Neue Alternative bei Energiespeichern Forschung an Natrium-Ionen-Batterien

Professor Stefano Passerini und seine Mitarbeiterin Hyein Moon setzen an einer Handschuhbox eine Natrium-Ionen-Batterie zusammen.
Professor Stefano Passerini und seine Mitarbeiterin Hyein Moon setzen an einer Handschuhbox eine Natrium-Ionen-Batterie zusammen.

Lithium-Ionen-Batterien finden ihren Einsatz in modernster Technik. Doch die Rohstoffe zur Herstellung sind kostbar und selten. Eine Alternative wird dringend gesucht.
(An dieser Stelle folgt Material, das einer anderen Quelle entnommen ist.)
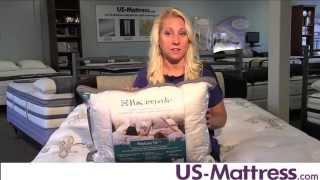 Sealy Posturepedic PostureFit Back Pillow by DOWNLITE [upl. by Mariya]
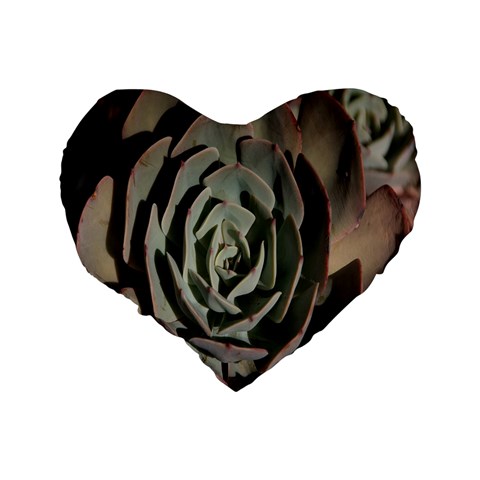 Succulent Green Pink Rosettes Standard 16  Premium Flano Heart Shape Cushions from ArtsNow.com Back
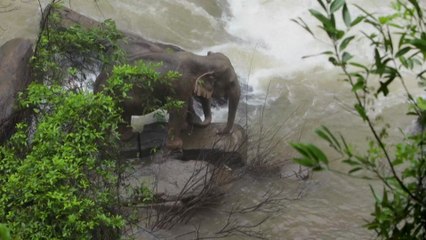 Deadly elephant drama in Thailand as 11 members of herd caught up in waterfall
Umweltfreundlich, kostengünstig und hochleistungsfähig sollen die Natrium-Ionen-Batterien der nächsten Generation sein – dann sind sie eine echte Alternative zu Lithium-Ionen-Batterien. Passende Aktivmaterialien und Elektrolyte entwickeln nun Forscherinnen und Forscher des vom Karlsruher Institut für Technologie (KIT) gegründeten Helmholtz-Instituts Ulm (HIU) gemeinsam mit dem Zentrum für Sonnenenergie- und Wasserstoff-Forschung Baden-Württemberg (ZSW) und der Friedrich-Schiller-Universität Jena (FSU) im Projekt »Transition«. Über drei Jahre wird das Projekt mit insgesamt 1,15 Mio. Euro vom Bundesministerium für Bildung und Forschung (BMBF) im Rahmen des Programms »Batterien 2020« gefördert.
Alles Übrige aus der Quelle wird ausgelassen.